所有目光都死死盯着御前太监手中托盘上的那枚青玉圭。

玉圭静静躺在明黄锦缎上,通体流转着幽幽青光,表面那些古老繁复的符文在殿内烛火与透过高窗的晨光照映下,仿佛活物般微微蠕动,散发着一种难以言喻的、令人灵魂深处感到不安的韵律。

一股极其淡薄、却清晰可辨的阴寒气息,正从玉圭上缓缓散发开来,与秦观呈上的那小瓶“煞浆”的气息同源,却更加精纯、更加古老,也更加强大。

这就是“镇邪玉圭”,前朝镇器,封印“钥匙”,也是宁王阴谋的核心!

宁王赵琰的脸色,已经从铁青转为一种近乎死灰的苍白。

他死死盯着那枚玉圭,瞳孔剧烈收缩,嘴唇微微翕动,似乎想说什么,却发不出声音。

他千算万算,没算到林微的动作如此之快、如此之绝,更没算到玉圭竟真的已经通过某种他未能察觉的途径,送到了皇帝面前!
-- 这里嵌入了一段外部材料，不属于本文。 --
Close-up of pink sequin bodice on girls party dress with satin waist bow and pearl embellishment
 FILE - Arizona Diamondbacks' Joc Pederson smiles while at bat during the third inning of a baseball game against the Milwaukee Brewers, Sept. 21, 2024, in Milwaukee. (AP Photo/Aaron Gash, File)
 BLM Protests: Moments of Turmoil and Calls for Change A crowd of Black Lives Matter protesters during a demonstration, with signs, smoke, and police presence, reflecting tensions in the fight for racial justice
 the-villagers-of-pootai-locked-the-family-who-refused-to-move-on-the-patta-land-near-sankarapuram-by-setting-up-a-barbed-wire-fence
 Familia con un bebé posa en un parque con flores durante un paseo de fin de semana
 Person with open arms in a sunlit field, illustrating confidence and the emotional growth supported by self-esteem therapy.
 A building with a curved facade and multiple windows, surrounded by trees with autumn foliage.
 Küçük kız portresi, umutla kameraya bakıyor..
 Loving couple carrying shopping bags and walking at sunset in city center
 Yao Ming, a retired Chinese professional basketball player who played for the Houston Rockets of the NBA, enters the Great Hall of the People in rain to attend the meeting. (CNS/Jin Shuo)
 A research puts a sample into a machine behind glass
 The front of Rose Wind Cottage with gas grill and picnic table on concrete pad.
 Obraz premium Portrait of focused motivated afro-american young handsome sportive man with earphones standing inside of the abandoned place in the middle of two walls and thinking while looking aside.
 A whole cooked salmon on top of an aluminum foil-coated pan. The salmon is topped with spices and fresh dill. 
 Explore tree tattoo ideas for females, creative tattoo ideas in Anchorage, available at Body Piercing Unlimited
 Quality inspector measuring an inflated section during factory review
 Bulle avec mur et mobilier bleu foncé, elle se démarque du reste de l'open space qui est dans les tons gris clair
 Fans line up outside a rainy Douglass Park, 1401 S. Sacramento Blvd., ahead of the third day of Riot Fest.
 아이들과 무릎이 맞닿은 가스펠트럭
这意味着,他之前的许多狡辩和布置,在皇帝眼中恐怕早已漏洞百出!

昨夜的地动,今晨的流言,秦观的指证,林微的揭露,如今再加上这枚无可辩驳的玉圭……一条完整的、指向他的证据链,已经残酷地呈现在了九五至尊的眼前!

冷汗,悄无声息地浸透了宁王里衣的后背。

他能感觉到,御座之上那道透过冕旒的目光,正冰冷地锁定着自己,带着审视,带着愤怒,更带着一丝……浓重的失望与杀意。

“宁王,”

皇帝的声音再次响起,比方才更加平静,却也因此更显森寒,

“此物,你,作何解释?”

这简短的问话,如同最后的审判槌音,敲在每个人的耳膜上。

殿内百官,无论是平日里与宁王交好、暗中依附的,还是保持中立观望的,抑或是本就对这位权势煊赫的亲王心怀忌惮的,此刻都屏住了呼吸,眼神复杂地看向御道中央那孤零零的身影。

一些心思敏锐的重臣,已悄悄向后挪了半步,试图拉开与宁王的距离。

墙倒众人推,树倒猢狲散,在这权力场中,向来如此。

宁王身体晃了晃,似乎有些站立不稳。

他深吸一口气,强迫自己挺直脊梁,脸上挤出一个极其勉强、甚至有些扭曲的笑容:

“陛……陛下,臣弟……臣弟对此物,并不熟悉。许是……许是有人仿造,意图构陷……”

“仿造?”

林微的声音清晰而有力地响起,打断了宁王苍白无力的辩解。

他上前一步,指向托盘中的玉圭,

“王爷,此玉圭材质乃前朝皇室秘藏‘寒魄青玉’,如今早已绝迹。

其上符文,乃古之‘镇封云篆’,与太庙地宫‘昊天镜’铭文同出一源,笔意古拙,神韵内敛,绝非当世工匠所能仿刻!

更兼其中蕴含的封印气息与地脉共鸣,与秦主簿所呈阵图、煞浆样本气息勾连印证,浑然一体!

王爷一句‘仿造’,就想将这一切抹去吗?!”

他的话语条理分明,掷地有声,结合他“天衍侯”的身份和在推演术数上的公认造诣,极具说服力。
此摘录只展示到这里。